All of the entries, apart from their pictures, are to be copied verbatim.

[Opening Task input section]

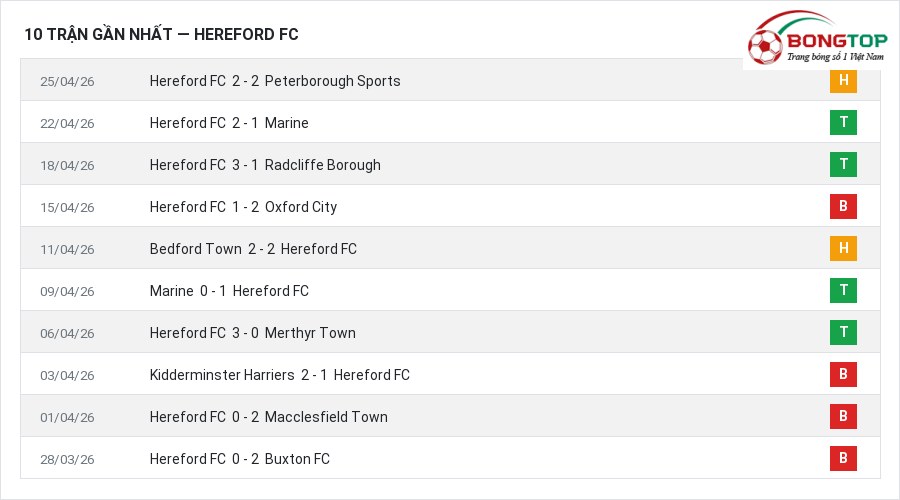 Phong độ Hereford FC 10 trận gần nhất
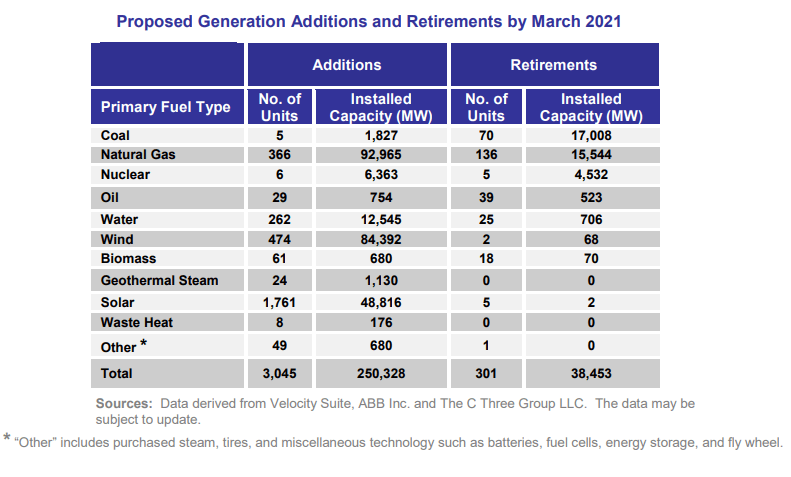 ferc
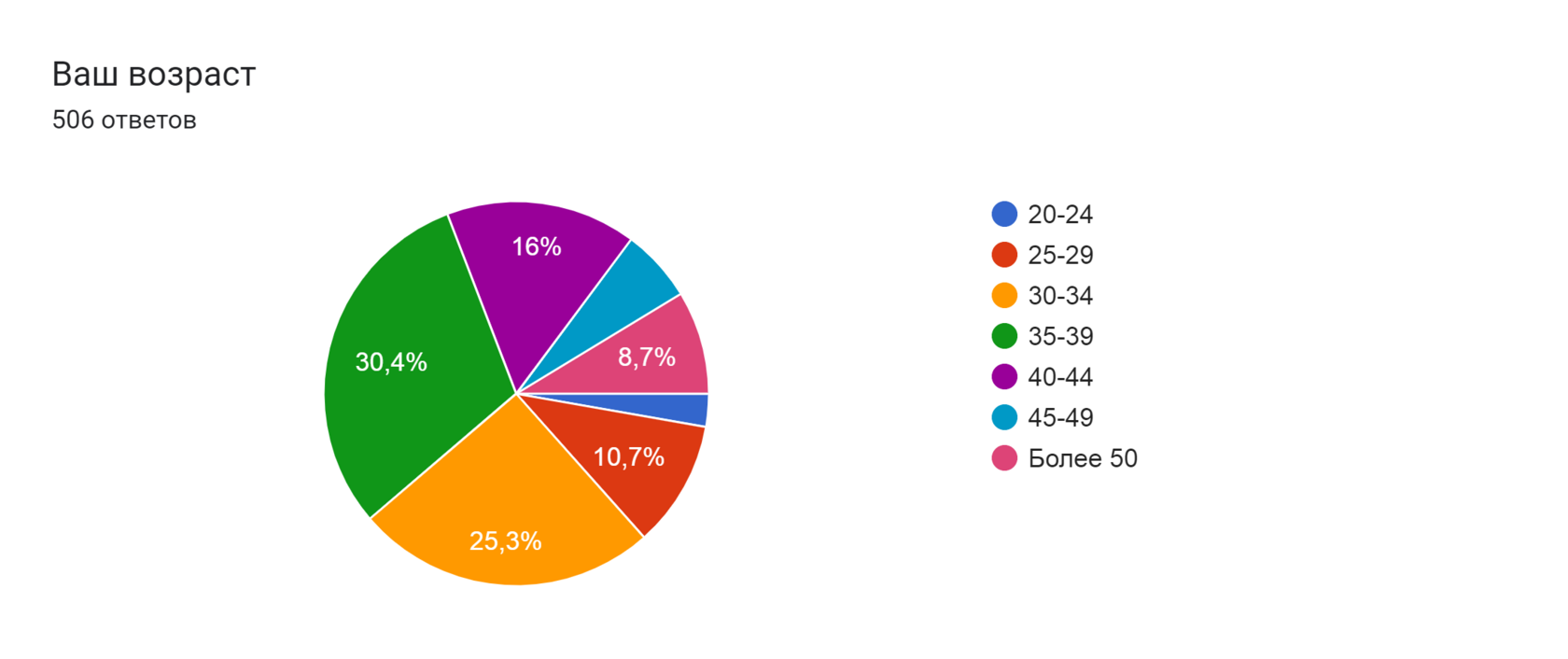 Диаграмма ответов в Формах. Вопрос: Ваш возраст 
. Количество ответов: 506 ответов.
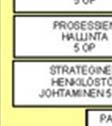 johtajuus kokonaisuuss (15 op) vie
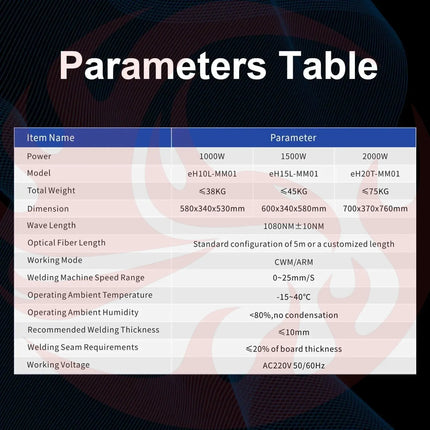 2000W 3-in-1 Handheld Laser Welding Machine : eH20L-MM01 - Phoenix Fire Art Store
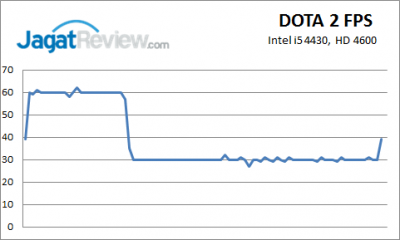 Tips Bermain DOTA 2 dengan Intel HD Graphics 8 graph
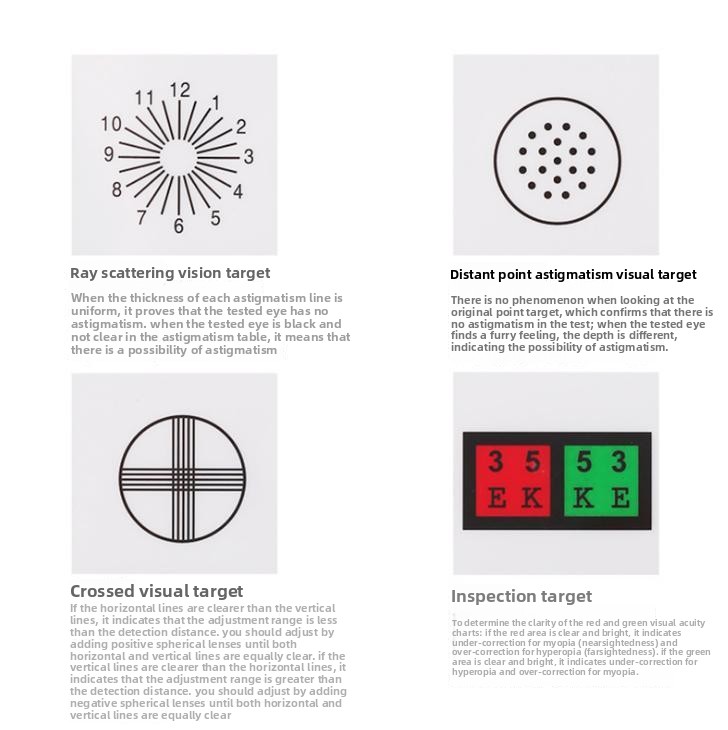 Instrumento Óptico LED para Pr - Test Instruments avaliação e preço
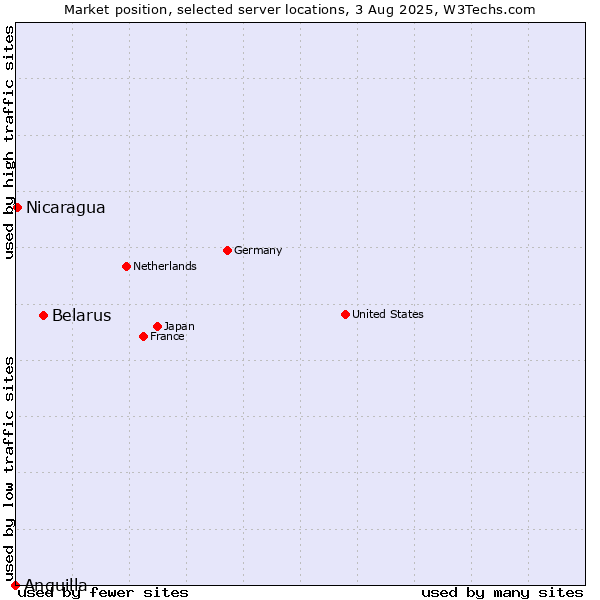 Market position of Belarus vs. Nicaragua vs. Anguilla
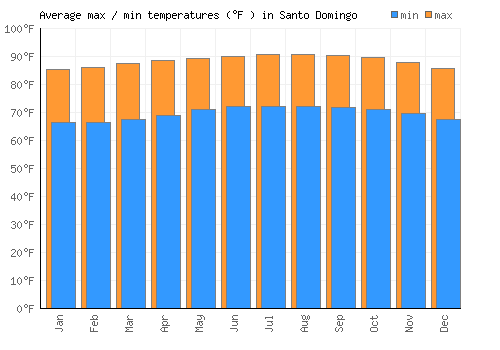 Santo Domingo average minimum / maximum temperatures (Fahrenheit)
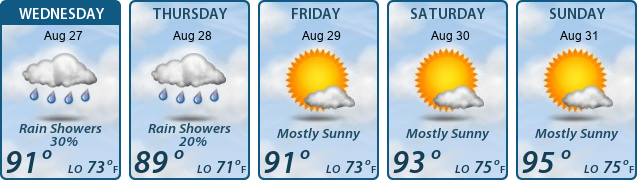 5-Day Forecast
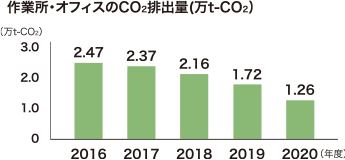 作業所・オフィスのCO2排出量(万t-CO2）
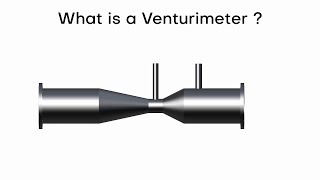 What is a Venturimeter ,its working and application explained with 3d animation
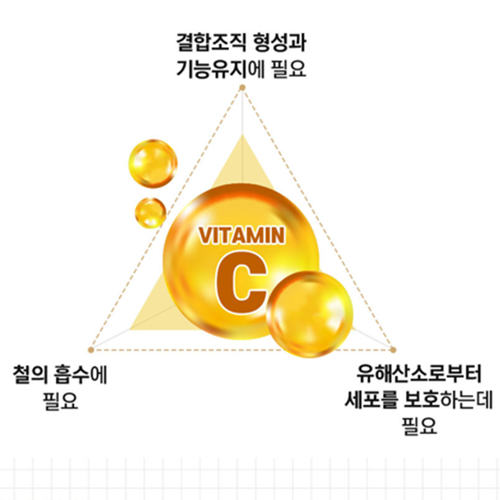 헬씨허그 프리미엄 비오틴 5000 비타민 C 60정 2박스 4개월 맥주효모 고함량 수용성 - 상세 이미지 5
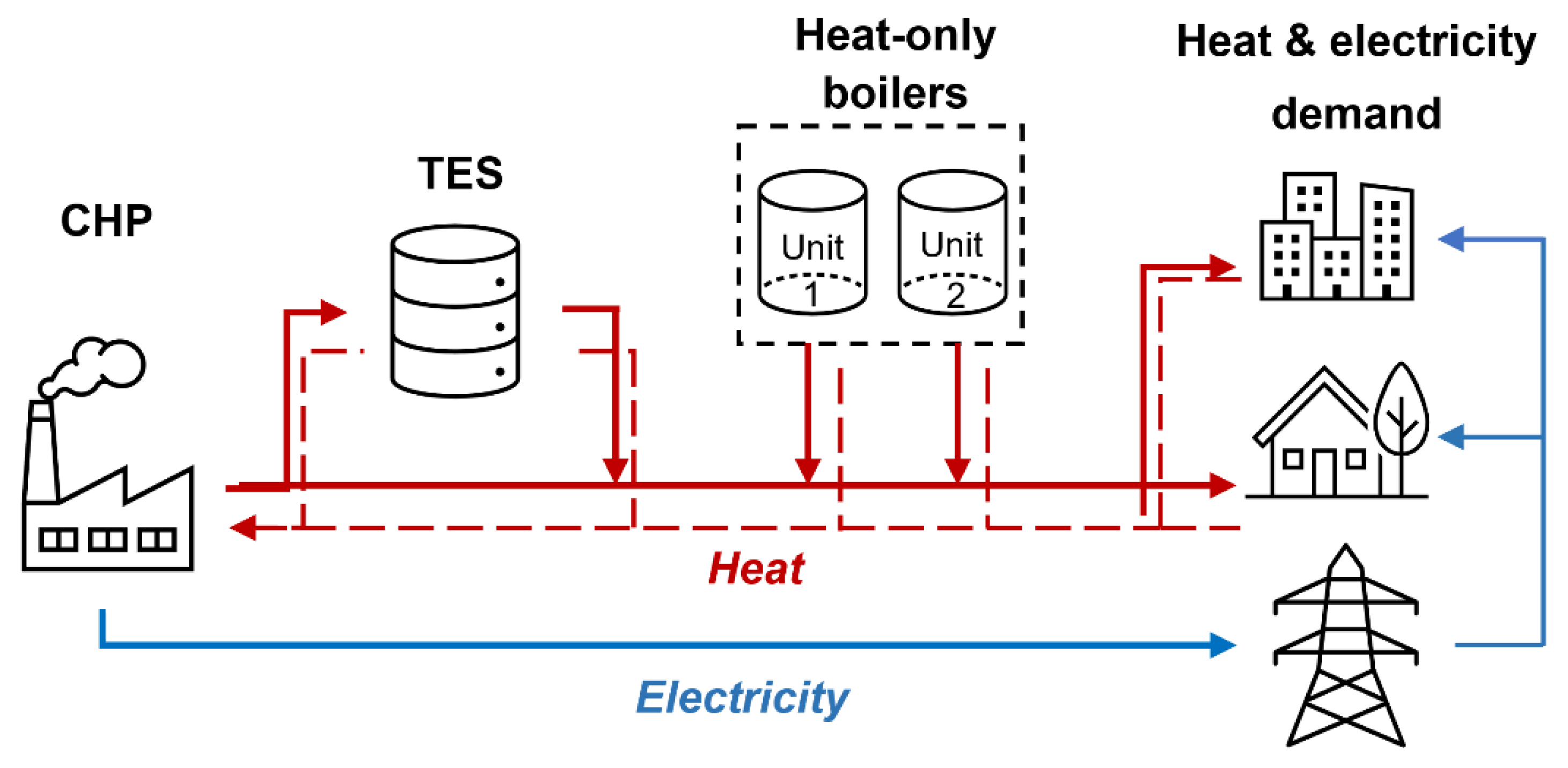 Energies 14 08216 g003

[Closing Task input section]

**Output below**
 Phong độ Hereford FC 10 trận gần nhất
 ferc
 Диаграмма ответов в Формах. Вопрос: Ваш возраст 
. Количество ответов: 506 ответов.
 johtajuus kokonaisuuss (15 op) vie
 2000W 3-in-1 Handheld Laser Welding Machine : eH20L-MM01 - Phoenix Fire Art Store
 Tips Bermain DOTA 2 dengan Intel HD Graphics 8 graph
 Instrumento Óptico LED para Pr - Test Instruments avaliação e preço
 Market position of Belarus vs. Nicaragua vs. Anguilla
 Santo Domingo average minimum / maximum temperatures (Fahrenheit)
 5-Day Forecast
 作業所・オフィスのCO2排出量(万t-CO2）
 What is a Venturimeter ,its working and application explained with 3d animation
 헬씨허그 프리미엄 비오틴 5000 비타민 C 60정 2박스 4개월 맥주효모 고함량 수용성 - 상세 이미지 5
 Energies 14 08216 g003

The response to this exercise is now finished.